* [Supplied information]:

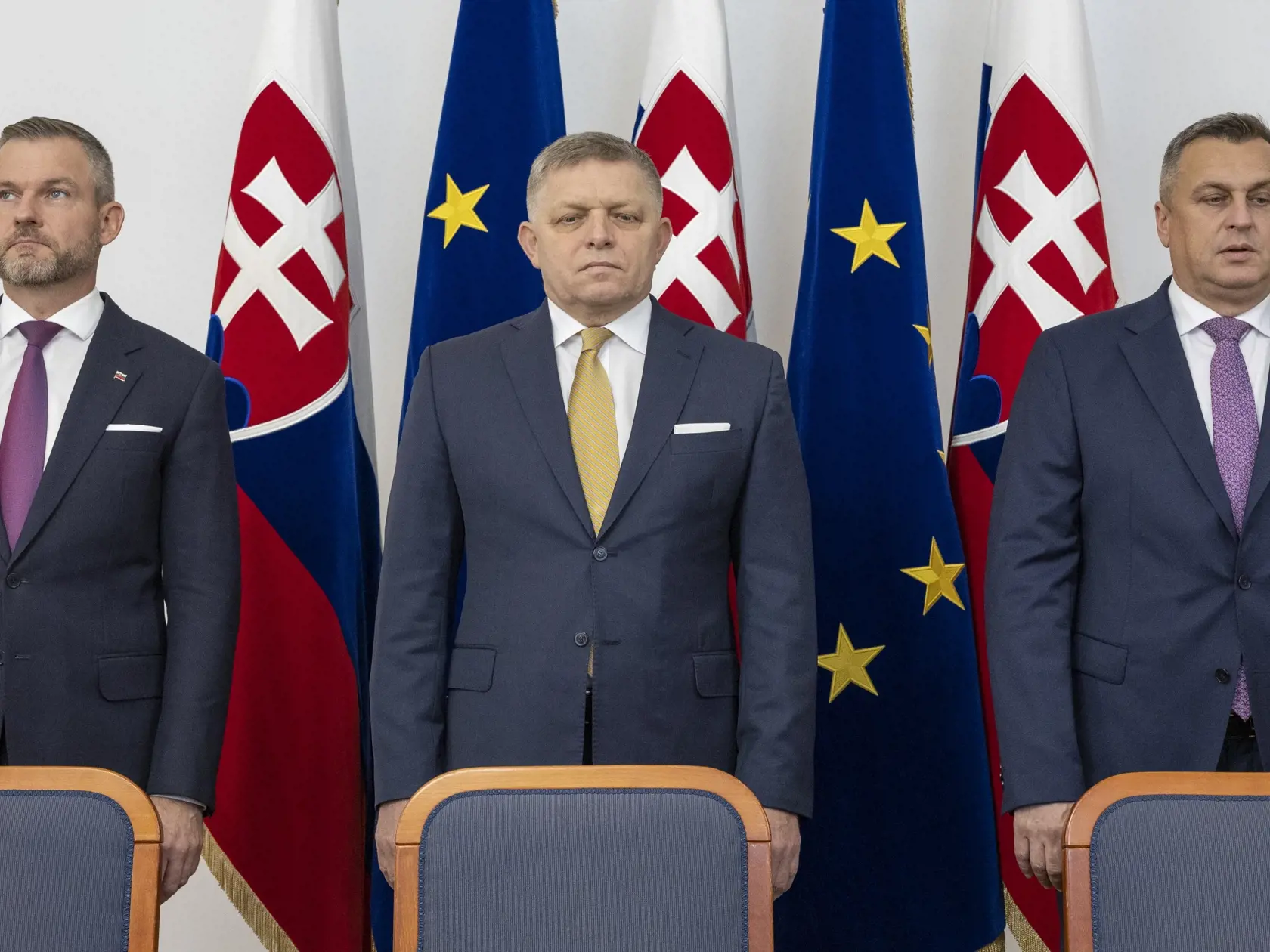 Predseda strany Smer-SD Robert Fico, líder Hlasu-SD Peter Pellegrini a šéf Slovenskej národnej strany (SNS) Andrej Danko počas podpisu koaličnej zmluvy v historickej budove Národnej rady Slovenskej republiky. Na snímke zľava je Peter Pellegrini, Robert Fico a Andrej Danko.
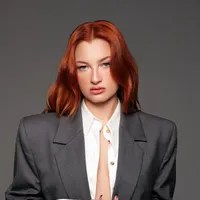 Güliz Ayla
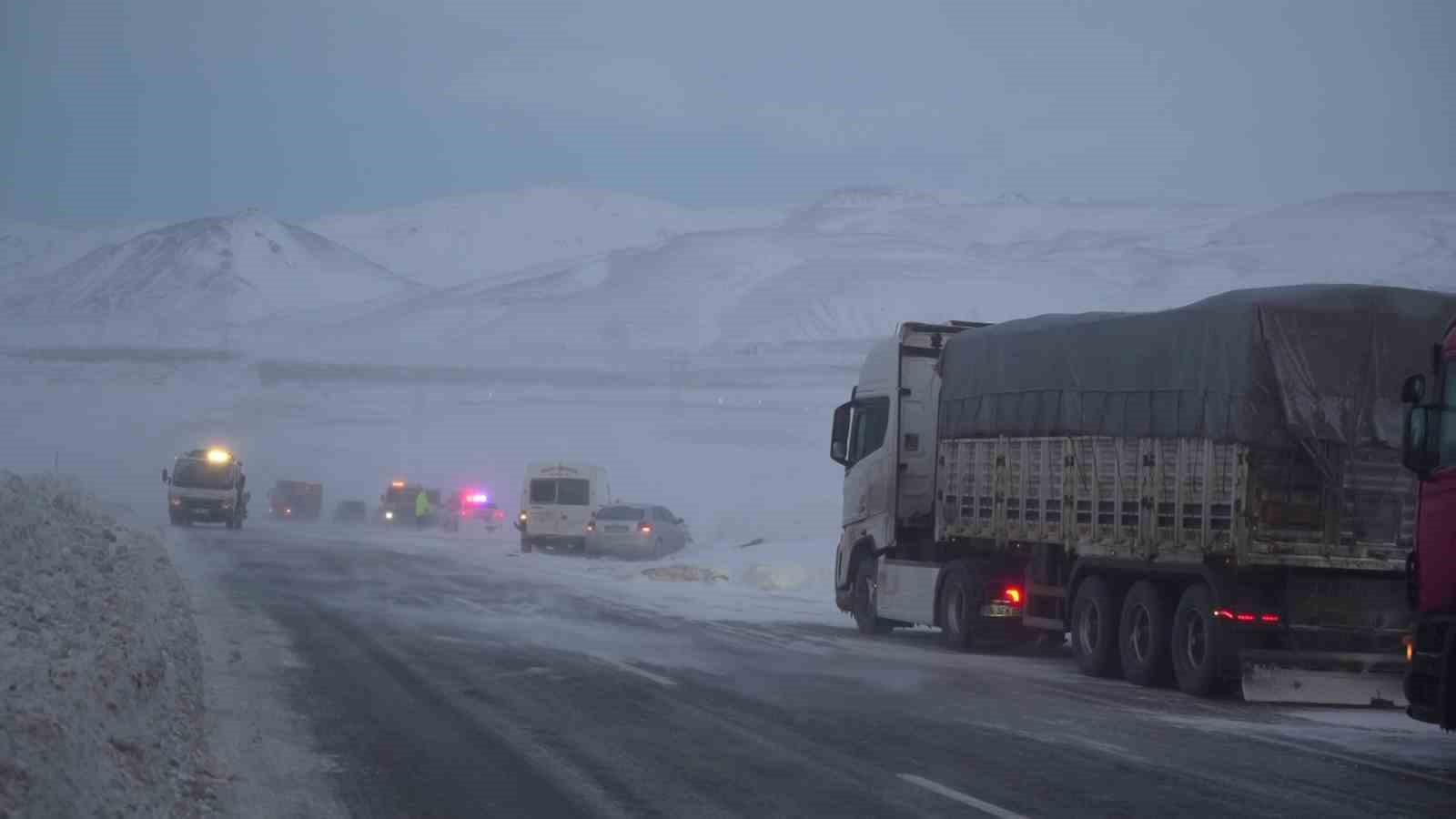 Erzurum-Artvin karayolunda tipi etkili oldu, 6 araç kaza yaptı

* [Exercise]: Repeat the material line for line. Pictures stay out of the copy.

* [Solution to the problem]:
 Predseda strany Smer-SD Robert Fico, líder Hlasu-SD Peter Pellegrini a šéf Slovenskej národnej strany (SNS) Andrej Danko počas podpisu koaličnej zmluvy v historickej budove Národnej rady Slovenskej republiky. Na snímke zľava je Peter Pellegrini, Robert Fico a Andrej Danko.
 Güliz Ayla
 Erzurum-Artvin karayolunda tipi etkili oldu, 6 araç kaza yaptı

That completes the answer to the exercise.